What is required = Could you write out exactly, and only, the lines from the one containing "26 ������ 2010 � ������ ��������" through the last line of the data, leaving out all pictures?

Provided data =

* * * *

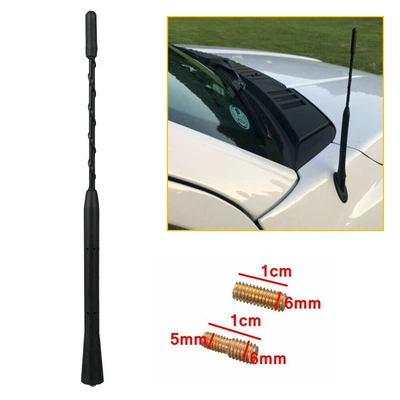 Car Roof Antenna 22cm/ vehicle antenna
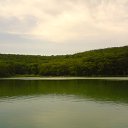 ���� Rina, �������, 39 ��� - ��������� 26 ������ 2010 � ������ ��������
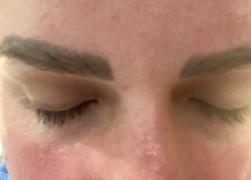 xoBeauty Lash Enhancing Serum (3ml) Review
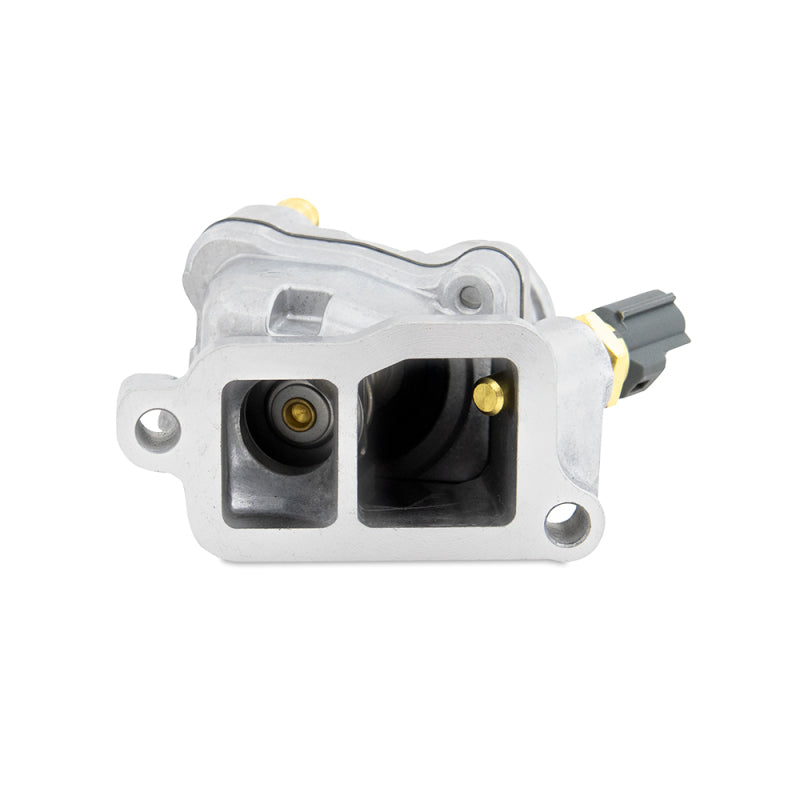 Mishimoto 03-07 Volvo XC70 Racing Thermostat - 85C - MMTS-XC70-03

* * * *

Answer space =
 ���� Rina, �������, 39 ��� - ��������� 26 ������ 2010 � ������ ��������
 xoBeauty Lash Enhancing Serum (3ml) Review
 Mishimoto 03-07 Volvo XC70 Racing Thermostat - 85C - MMTS-XC70-03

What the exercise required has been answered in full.